Aujourd’hui, cette situation génère un triple risque :

• économique, car la défiance des investisseurs assèche en grande partie les futurs financements du secteur, qu’ils soient faits à titre privé ou via des sociétés foncières ;

• juridique, car les baux commerciaux classiques, d’une durée trop courte, ne répondent pas aux spécificités du secteur ;

• social, enfin, car si rien ne change, le retrait inéluctable des investisseurs privés menace la capacité de notre pays à accueillir dignement sa population vieillissante.

 

Pour Didier Riebel, président de l’Ascop-Ehpad : « La prise en charge du grand âge doit faire l’objet d’une refondation de son modèle économique. Il faut le reconstruire sur une base claire et partagée entre les acteurs, articulant financement public, investissement privé et régulation cohérente. »

 

Des initiatives pour restaurer la confiance

 

Face au risque de rupture, l’Ascop-Ehpad multiplie les initiatives. L’association loi de 1901, qui accompagne près de 6 000 copropriétaires confrontés à des situations souvent difficiles, a engagé un dialogue avec les exploitants privés afin de proposer des outils concrets pour sécuriser la relation entre copropriétaires et gestionnaires. Un projet de bail plus équilibré et protecteur pour les deux parties a été élaboré et soumis à la concertation. Parallèlement, une charte de bonnes pratiques a été rédigée pour encadrer les relations contractuelles, renforcer la transparence et promouvoir une éthique commune dans la gestion des établissements au plan immobilier.

 

Ces propositions s’inscrivent dans un esprit constructif visant à redonner au secteur un cadre stable et durable après des années de défiance. Encore faut-il que les exploitants et les pouvoirs publics s’en saisissent !

 

On aurait pu attendre du Pacte de confiance pour le bien vieillir, signé en septembre 2025 sous l’égide de la Direction générale de la cohésion sociale (DGCS), qu’il ouvre la voie à une approche réellement globale. Ce texte traduit une volonté de transparence et un effort de concertation que l’on peut saluer ; mais il laisse dans l’ombre les investisseurs, qui ont pourtant très largement contribué à la création et à la modernisation du parc d’Ehpad privés.

 

En les tenant à l’écart, ce Pacte ne répond qu’imparfaitement à la crise de confiance qu’il prétend résoudre.

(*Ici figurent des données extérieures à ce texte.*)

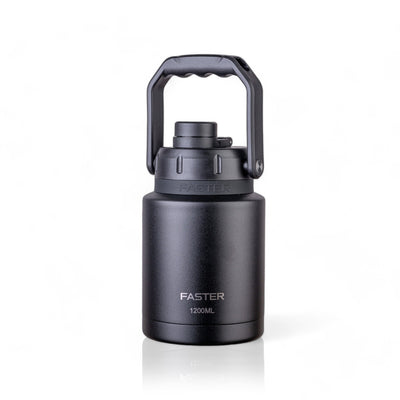 Garrafa Térmica Faster Growler - 1200ml com isolamento térmico, ideal para bebidas quentes e frias, capacidade para 24-48 horas.
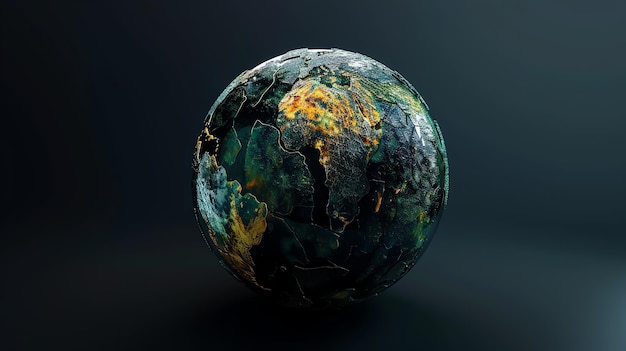 Eine grüne und goldene Kugel mit Rissen wie ein Planet oder ein Felsen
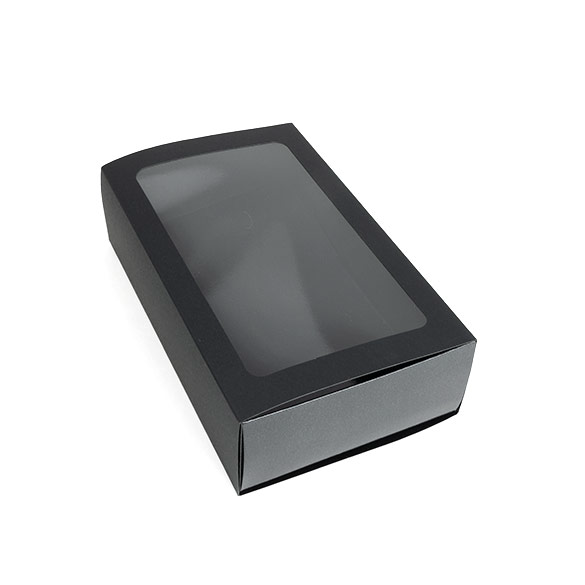 Tweedelige Papieren Dozen Zwart 21x12,7x5,7cm (25 stuks) [MBS10B]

En effet, la dépendance ne pourra être repensée durablement que si tous les acteurs du modèle, y compris ceux qui en assurent le financement, sont reconnus et associés à sa refondation.

 

Pour une vision collective de l’investissement social

Depuis sa création, l’Ascop-Ehpad plaide pour une approche du grand âge fondée sur la coresponsabilité.

L’investissement citoyen ne doit pas être considéré comme un simple relais de l’action publique, mais comme une composante essentielle du modèle à reconstruire. Les particuliers qui ont financé la création et la modernisation des Ehpad ont permis, à leur échelle, de maintenir un service d’intérêt collectif là où l’État se retirait.

 

Aujourd’hui, leur engagement doit être reconnu et protégé. Cela suppose un cadre législatif clair, une parole publique cohérente et un dialogue institutionnel pérenne entre exploitants, pouvoirs publics et investisseurs.

 

Car le vieillissement de la population n’est pas une fatalité économique, mais une responsabilité collective. Reconnaître et sécuriser l’investissement citoyen au service de nos aînés, c’est assurer la pérennité d’un modèle d’accueil fondé sur la dignité, la confiance et la solidarité, trois piliers sans lesquels la question de la prise en charge des personnes âgées dépendantes restera un défi non résolu de notre cohésion sociale.